──────── SUPPLIED INFORMATION ────────
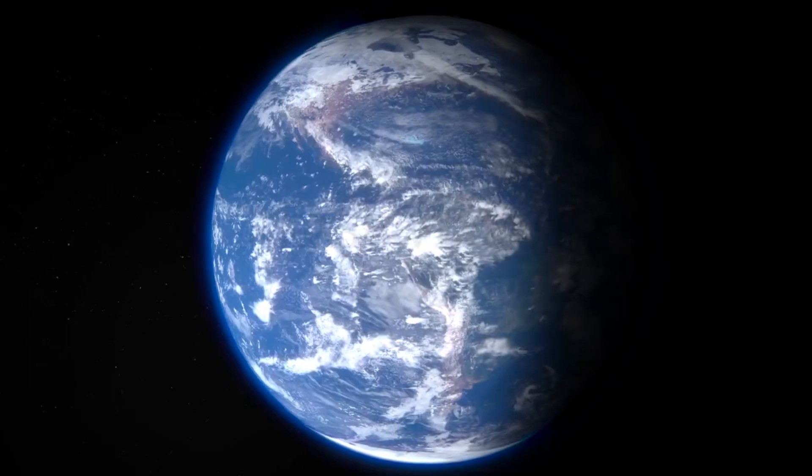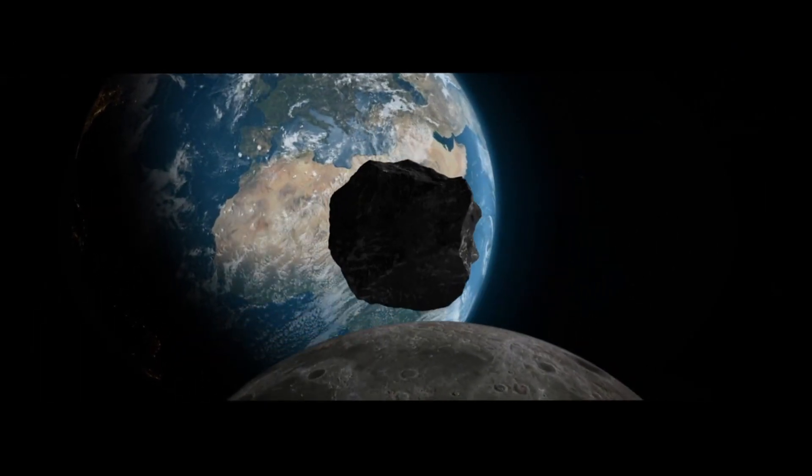If someone is trying to hit you, then you should know how to protect yourself through self-defense. But what about our planet Earth? What if an asteroid is on its way to collide with Earth? We should know how to protect ourselves and our home planet Earth. So that is exactly what NASA is doing — this is how NASA protects planet Earth from hazardous asteroids.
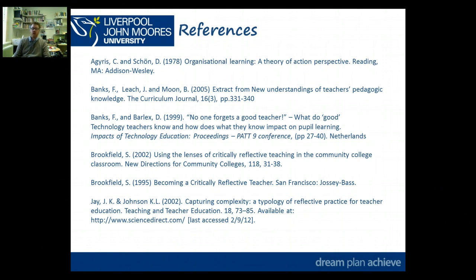You might want to read a bit further and see what the underpinning theory is behind what we've mentioned in this session. You've got enough information within this screencast to take you through the assignment. Just remember that you're reflecting on three separate instances: one relating to school knowledge, one relating to pedagogical knowledge, and one relating to subject knowledge.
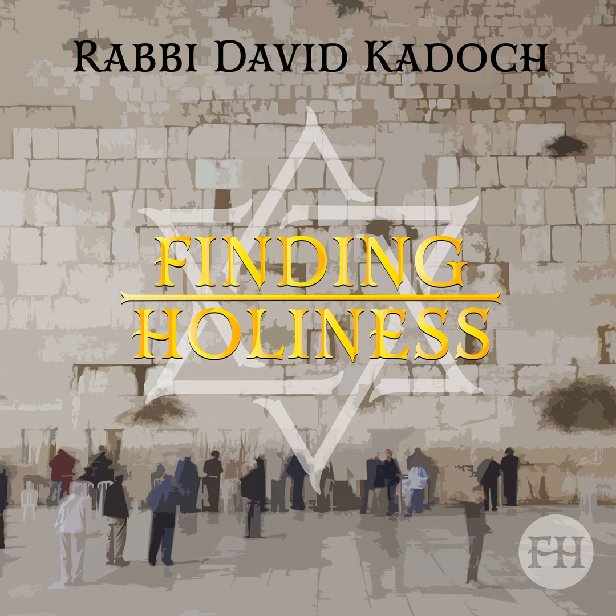The walls of the Mishkan were built from ten Amot tall beams of shittim wood. The bottom of each beam was inserted into two Adanim silver sockets. Two gold-covered poles went through rings on the outside of the Mishkan. Another pole, the Beriah Hatichon, went through the middle of each beam. The Mishkan was thirty Amot long and ten Amot wide. At the entrance of the Mishkan hung a curtain called the Masach, and at the entrance of the Kodesh HaKodeshim hung a curtain called the Parochet.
────────
* _WORK TO COMPLETE_: Word for word, restate the lines from the first line of the material through the line containing "You might want", with the pictures left out.

* _SOLUTION TO THIS PROBLEM_:
If someone is trying to hit you, then you should know how to protect yourself through self-defense. But what about our planet Earth? What if an asteroid is on its way to collide with Earth? We should know how to protect ourselves and our home planet Earth. So that is exactly what NASA is doing — this is how NASA protects planet Earth from hazardous asteroids.
You might want to read a bit further and see what the underpinning theory is behind what we've mentioned in this session. You've got enough information within this screencast to take you through the assignment. Just remember that you're reflecting on three separate instances: one relating to school knowledge, one relating to pedagogical knowledge, and one relating to subject knowledge.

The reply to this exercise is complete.